Re: State of pg_createsubscriber

From: Shlok Kyal <shlok(dot)kyal(dot)oss(at)gmail(dot)com>
To: Amit Kapila <amit(dot)kapila16(at)gmail(dot)com>
Cc: Euler Taveira <euler(at)eulerto(dot)com>, Tom Lane <tgl(at)sss(dot)pgh(dot)pa(dot)us>, pgsql-hackers(at)lists(dot)postgresql(dot)org, Euler Taveira <euler(dot)taveira(at)enterprisedb(dot)com>, Peter Eisentraut <peter(at)eisentraut(dot)org>
Subject: Re: State of pg_createsubscriber
Date: 2024-05-22 09:15:19
Message-ID: CANhcyEWvimA1-f6hSrA=9qkfR5SonFb56b36M++vT=LiFj=76g@mail.gmail.com
Views: Raw Message | Whole Thread | Download mbox | Resend email
Thread:
Lists: pgsql-hackers

> Just to summarize, apart from BF failures for which we had some
> discussion, I could recall the following open points:
>
> 1. After promotion, the pre-existing replication objects should be
> removed (either optionally or always), otherwise, it can lead to a new
> subscriber not being able to restart or getting some unwarranted data.
> [1][2].
>
I tried to reproduce the case and found a case where pre-existing
replication objects can cause unwanted scenario:

Suppose we have a setup of nodes N1, N2 and N3.
N1 and N2 are in streaming replication where N1 is primary and N2 is standby.
N3 and N1 are in logical replication where N3 is publisher and N1 is subscriber.
The subscription created on N1 is replicated to N2 due to streaming replication.

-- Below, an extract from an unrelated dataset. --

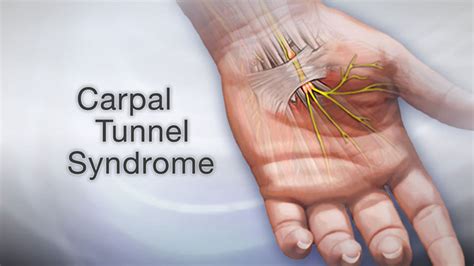 Diseases That Cause Wrist Pain, Its Risk Factors and How To Prevent It ...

Now, after we run pg_createsubscriber on N2 and start the N2 server,
we get the following logs repetitively:
2024-05-22 11:37:18.619 IST [27344] ERROR: could not start WAL
streaming: ERROR: replication slot "test1" is active for PID 27202
2024-05-22 11:37:18.622 IST [27317] LOG: background worker "logical
replication apply worker" (PID 27344) exited with exit code 1
2024-05-22 11:37:23.610 IST [27349] LOG: logical replication apply
worker for subscription "test1" has started
2024-05-22 11:37:23.624 IST [27349] ERROR: could not start WAL
streaming: ERROR: replication slot "test1" is active for PID 27202
2024-05-22 11:37:23.627 IST [27317] LOG: background worker "logical
replication apply worker" (PID 27349) exited with exit code 1
2024-05-22 11:37:28.616 IST [27382] LOG: logical replication apply
worker for subscription "test1" has started

Note: 'test1' is the name of the subscription created on N1 initially
and by default, slot name is the same as the subscription name.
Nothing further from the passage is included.